ゴールドシップとの3年間 in アオハル杯 作:あぬびすびすこ
プレシーズン戦、記念すべき初レース。
今回使われるのは中山レース場だ。有マ記念を終えて、次のシーズンに入る前に使おうということなのだろう。
アオハル杯ではランダムで各部門での距離とレースの順番が決められる。
今回は短距離、ダート、中距離、マイル、長距離という流れで行われることになった。
控室ではチーム全員が勝負服に着替え終わり、作戦を話し合って最終調整をしている。
GⅠレースに出ることができなくても勝負服で走れるというのはとてもいいことなのではないだろうか。
アオハル杯の中で特にみんなが嬉しいと話す部分だし。
「デジタル、私はハイペースで逃げるわ」
「もちろん存じておりますとも! あたしは後ろからゆっくり行きますので!」
2人で出走となるマイル部門のスズカとデジタルは走り方を確認している。
とはいえ、どちらも特別なことはせず自分の走りをするだけではあるが。
「ゴールドシップさんはどうするの……? 前と、後ろ。どっちかな」
「今日はししゃもの気分だからなー」
「ど、どっちなんだろう……!」
ゴールドシップはどうやらやる気が普通のようだ。先日のホープフルステークスで、走りたいというフラストレーションを1度放出しているからな。

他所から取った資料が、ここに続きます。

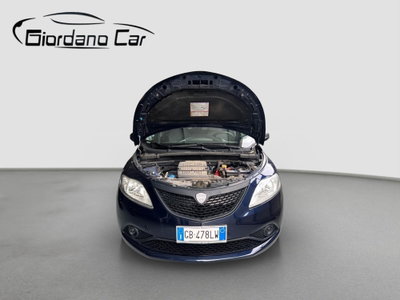 Lancia Ypsilon 1.2 69 CV 5 porte Elefantino Blu (4)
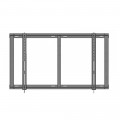 Giá treo Tivi sát tường cỡ đại Ergotek E95 (65 – 100 Inch)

先行のほうが勝ちやすいけど、勝ちにくい追込で後方からまくるほうが面白いぞ。
そう話すと、耳をぴこぴこと動かしてニヤリと笑う。
「うっし! ゴルシちゃんはバックダンサーでフラダンスしてっからよ、ライスは突っ込んでけよな!」
「バック……追込ってことデスネ!」
「じゃあ、ライスは前にいるね……!」
ライスが頷き、ゴールドシップは謎のダンスを踊る。
チームでの走りができるのはマイルと長距離の2部門のみ。
ウララやフクキタル、タイキはトゥインクル・シリーズのレースと同じ個人戦だ。
チームとして戦うのはここで結果を出した後、興味を持ってチームに参加してくれる娘たちが来てからだろう。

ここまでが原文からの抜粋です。